Wednesday, August 10, 2016

Coffee for the Journey

A Coffee Maven Contemplation

My introduction to coffee was simply as fuel for my job at a university fundraising phone bank during my freshman year at University of Maryland. We cold-called alumni across all  time zones, so the perfectly terrible coffee provided to us was perfectly fine. Throughout my undergraduate days, my friend Karl and I would share what he called "mud" -- overly strong instant coffee that I would eventually call "No Es Cafe." And in graduate school, my wife Pam and I willingly participated in an experiment that ushered in the dreaded flavored creamers that would make the world safe for bad coffee.
Photo: Jane Ng for National Geographic Traveler
I actually have one of these, though I do not use it often!
The transition to Coffee Maven came much later, and grew out of my education as a Latin Americanist geographer -- that is, a geographer specializing in Latin America. I was gradually becoming aware of the importance of conventional trading relationships in coffee as an economic and human-rights problem. In 1999, I invited Equal Exchange coffee buyer Rodney North to my class to talk about his experiences as a visitor to Central America and about the importance of fair trade as an alternative to the deleterious effects of "free" trade.

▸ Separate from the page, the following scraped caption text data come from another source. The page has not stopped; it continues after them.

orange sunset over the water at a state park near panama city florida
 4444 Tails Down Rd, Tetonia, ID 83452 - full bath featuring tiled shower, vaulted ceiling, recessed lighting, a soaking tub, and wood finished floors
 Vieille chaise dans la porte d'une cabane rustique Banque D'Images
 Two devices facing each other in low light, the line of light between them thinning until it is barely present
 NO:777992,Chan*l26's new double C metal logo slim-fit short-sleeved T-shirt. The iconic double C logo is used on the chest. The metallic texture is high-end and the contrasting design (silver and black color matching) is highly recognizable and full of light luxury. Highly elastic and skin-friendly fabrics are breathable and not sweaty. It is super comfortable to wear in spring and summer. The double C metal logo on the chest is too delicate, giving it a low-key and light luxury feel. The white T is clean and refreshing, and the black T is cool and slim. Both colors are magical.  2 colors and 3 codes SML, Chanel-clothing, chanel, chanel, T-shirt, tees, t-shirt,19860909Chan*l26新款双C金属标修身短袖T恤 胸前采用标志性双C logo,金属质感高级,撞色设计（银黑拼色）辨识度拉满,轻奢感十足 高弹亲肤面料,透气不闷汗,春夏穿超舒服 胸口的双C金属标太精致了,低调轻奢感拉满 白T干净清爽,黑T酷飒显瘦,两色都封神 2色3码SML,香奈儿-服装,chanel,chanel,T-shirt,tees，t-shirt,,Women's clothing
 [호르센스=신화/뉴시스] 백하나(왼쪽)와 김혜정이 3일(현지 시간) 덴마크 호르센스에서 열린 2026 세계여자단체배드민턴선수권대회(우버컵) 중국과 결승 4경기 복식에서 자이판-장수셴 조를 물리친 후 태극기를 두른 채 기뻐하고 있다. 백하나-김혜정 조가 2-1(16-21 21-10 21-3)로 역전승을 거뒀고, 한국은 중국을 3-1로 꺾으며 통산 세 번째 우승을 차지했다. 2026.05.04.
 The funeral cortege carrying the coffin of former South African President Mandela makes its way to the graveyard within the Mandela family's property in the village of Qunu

Within a few years, the social, economic, and environmental aspects of coffee were becoming an increasingly important part of my teaching. At some point I decided that if coffee was going to be part of my teaching, I should learn something about it as a beverage, and soon found myself in a class led by Rodney North (whose expertise had been expanding) and in a private tutorial with the lead coffee expert at Lavazza's U.S. division in New York City.

Rodney's class was quite interesting -- a Saturday adult-education course in downtown Boston that began with a room full of groggy foodies who became steadily more caffeinated throughout the morning. It was in the frenetic chatter at the end of the morning that I first heard of something called a vacuum press (pictured above). These experiences led me to a growing interest in Coffee Care, a term that I use to justify a bit of snobbery as a means of respecting the full potential of carefully cultivated coffee. In fact, I now own one of those vacuum-press contraptions!

All of this is by way of introducing a nice article about the third leg of the proverbial coffee stool -- if the places of origin and the beverage itself are the other two. That third leg is the coffee shop itself -- an institution that emerged in Mecca some thousand years ago, and that proliferated in each country of Europe within a few years of the first bean being introduced country-by-country in the seventeenth century.

In Travel's Secret Agent: Coffee (National Geographic Traveler, Feb/Mar 2013), Daisann McLane begins her tale in an odd place -- a yoga retreat in which coffee is strictly forbidden. When she broaches the subject with the yogi who directs the retreat, she does not address coffee itself, but rather the coffee break and the temporary community of cafes. Read the article both to appreciate all of the ways in which McLane experiences cafes as an essential part of the places she visits and to find out how Swami Devadas responds to her pleas.